The position data correction device obtains a first weight corresponding to the positioning error value and a second weight corresponding to the position prediction error value, performs corresponding weighting processing on the positioning error value and the position prediction error value according to the first weight and the second weight to obtain a target error value, corrects the position data at the first moment according to the target error value, and obtains the correction amplitude of the first position data through the weights, so that the position prediction error value accumulated in the first time period can be eliminated, namely, the error accumulated in a period of time is eliminated, and the subsequently obtained second position data can be more accurate.

In one embodiment, the first modification module 804 is configured to obtain a first variance value corresponding to the positioning data; acquiring a second variance value corresponding to the position prediction error value; and determining a first weight according to the first variance value and the second variance value, wherein the first variance value and the first weight are in negative correlation.

The position data correction device acquires a first variance value corresponding to the positioning data, acquires a second variance value corresponding to the position prediction error value, and determines a first weight according to the first variance value and the second variance value, wherein the first variance value is negatively correlated with the first weight, and the first weight can be determined according to the accuracy of each kind of data, so that the first position data can be corrected more accurately, and the position data obtained by subsequent prediction can be more accurate.

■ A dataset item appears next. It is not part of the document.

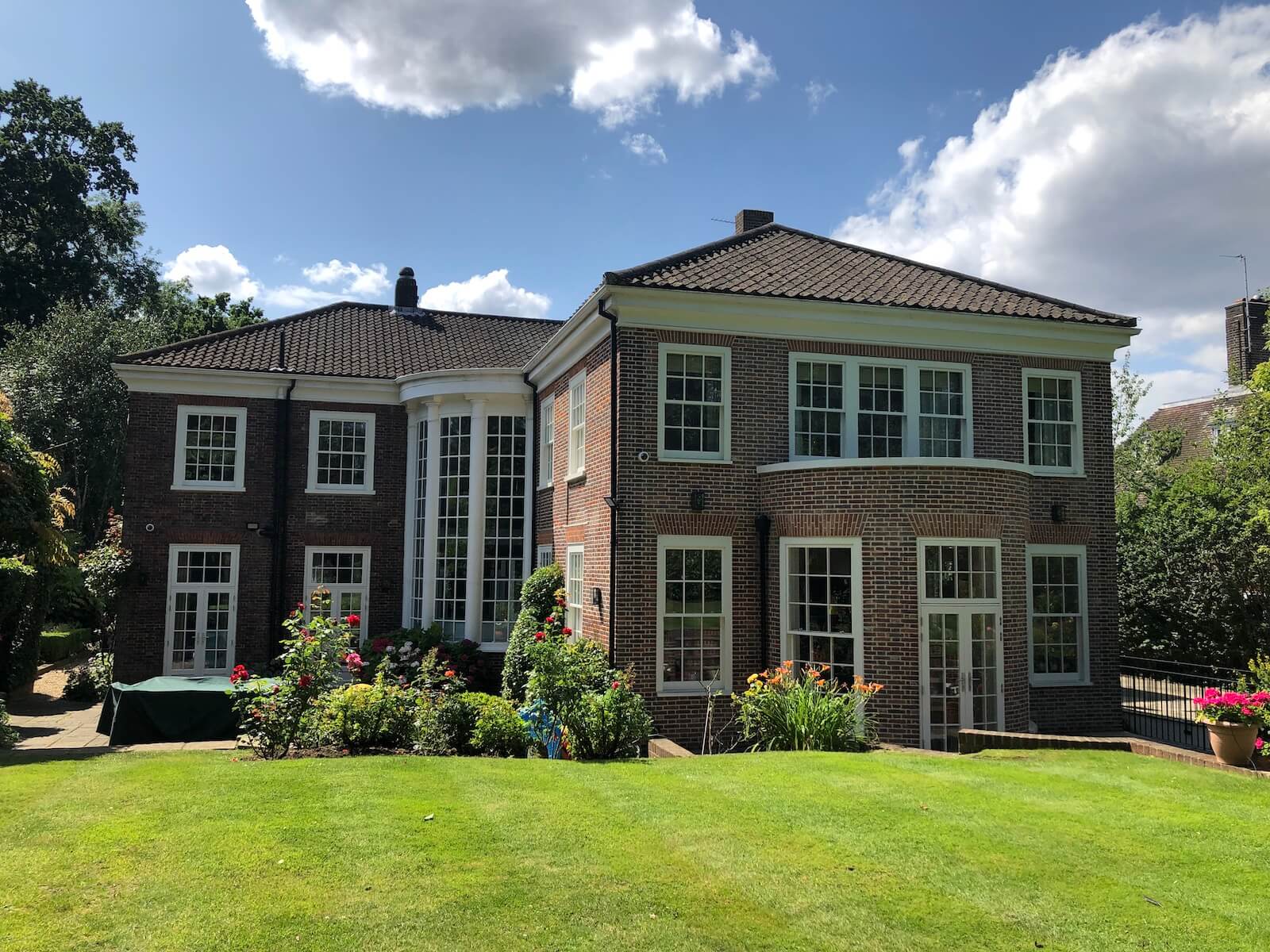 Large mansion home with beautiful white timber single glazed box sash windows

In one embodiment, the first modification module 804 is configured to obtain a first positioning variance value corresponding to the first positioning data; acquiring positioning difference variances corresponding to at least two moments before the first moment; and determining a first variance value corresponding to the first positioning data according to the first positioning variance value and the positioning difference variance.

According to the position data correcting device, the first positioning variance value corresponding to the first positioning data is obtained, the positioning difference variance value corresponding to at least two moments before the first moment is obtained, the first variance value corresponding to the first positioning data is determined according to the first positioning variance value and the positioning difference variance value, and the accumulated variance value related to the positioning data before the first moment can be obtained, so that the first weight is determined, the accuracy of the weight is improved, and the correcting accuracy is improved.

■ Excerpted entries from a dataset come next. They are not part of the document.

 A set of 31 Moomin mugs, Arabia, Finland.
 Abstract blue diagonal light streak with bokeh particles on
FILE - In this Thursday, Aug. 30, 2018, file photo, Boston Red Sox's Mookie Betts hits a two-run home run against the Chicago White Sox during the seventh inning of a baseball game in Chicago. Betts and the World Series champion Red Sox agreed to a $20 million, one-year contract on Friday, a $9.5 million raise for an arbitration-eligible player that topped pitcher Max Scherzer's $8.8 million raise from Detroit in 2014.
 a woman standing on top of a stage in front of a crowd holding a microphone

In one embodiment, the first modification module 804 is configured to obtain second positioning data corresponding to each of at least two time instants before the first time instant; obtaining a positioning differential value corresponding to two adjacent moments according to the second positioning data corresponding to each moment; and determining a positioning difference variance according to the positioning difference value.

The position data correction device acquires second positioning data corresponding to each of at least two moments before the first moment; obtaining a positioning differential value corresponding to two adjacent moments according to the second positioning data corresponding to each moment; the positioning difference variance is determined according to the positioning difference value, and the accuracy of determining the positioning data according to the positioning data can be obtained, so that the weight of the positioning data is determined, and the influence of inaccurate data on predicted position data is reduced.

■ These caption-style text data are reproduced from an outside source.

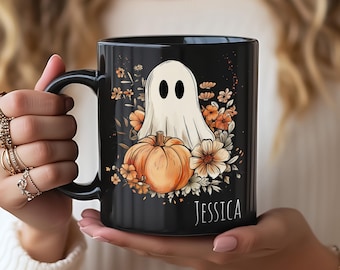 Op de afbeelding: Een zwarte keramische mok met een witte geestillustratie die achter een oranje pompoen zit, omringd door herfstbloemen. De naam JESSICA staat in witte hoofdletters rechtsonder op het ontwerp gedrukt.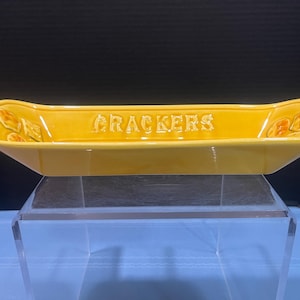 May include: Yellow ceramic cracker dish with the word "CRACKERS" in raised lettering. The dish has a rectangular shape with rounded ends and decorative leaf accents. A vintage serving piece.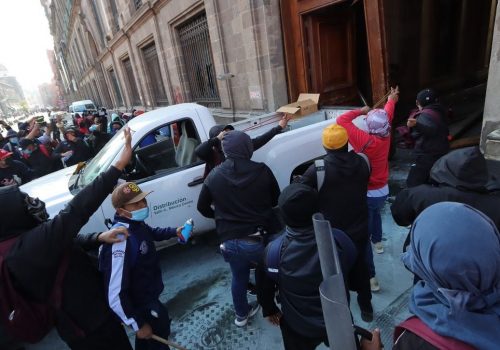 Grupo de normalistas derriban la puerta del Palacio Nacional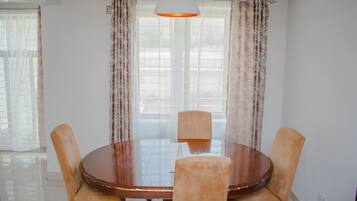Uma sala de jantar com uma mesa redonda, quatro cadeiras e um lustre.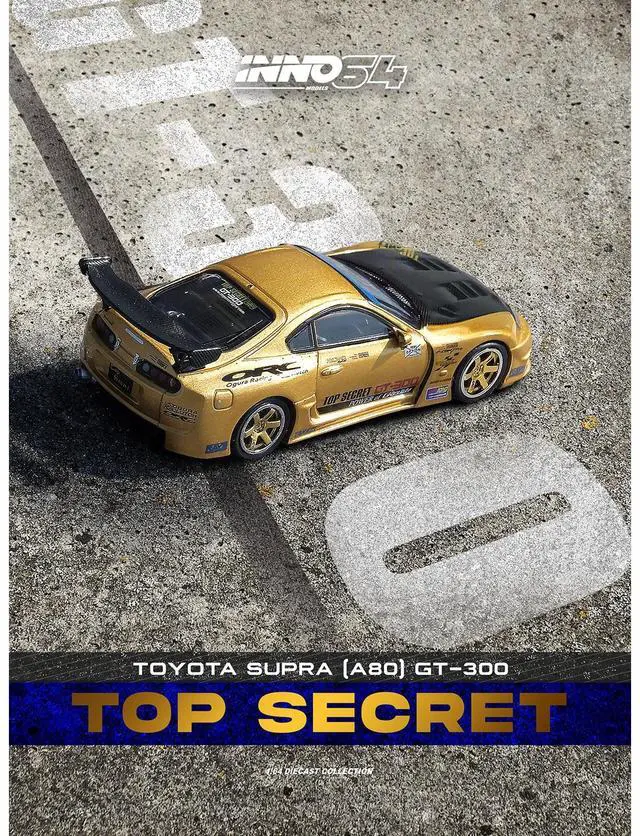 Alt view image 5 of 6 - Toyota Supra (A80) "Top Secret" GT300 RHD Gold Metallic with Carbon Hood 1/64 Diecast Model Car by Inno Models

In one embodiment, the first modification module 804 is configured to obtain a reference positioning variance value, where the reference positioning variance value is obtained according to a reference positioning signal; obtaining variance multiplying power according to the positioning difference variance and the reference positioning variance value; and determining a first variance value corresponding to the first positioning data according to the variance multiplying power, the positioning difference variance and the first positioning variance value, wherein the first variance value is positively correlated with the positioning difference variance.

The position data correcting device obtains a reference positioning variance value, wherein the reference positioning variance value is obtained according to a reference positioning signal, a variance multiplying power is obtained according to a positioning difference variance and the reference positioning variance value, and a first variance value corresponding to first positioning data is determined according to the variance multiplying power, the positioning difference variance and the first positioning variance value, wherein the first variance value is in positive correlation with the positioning difference variance, so that a more accurate first variance value can be obtained, and the weight is determined.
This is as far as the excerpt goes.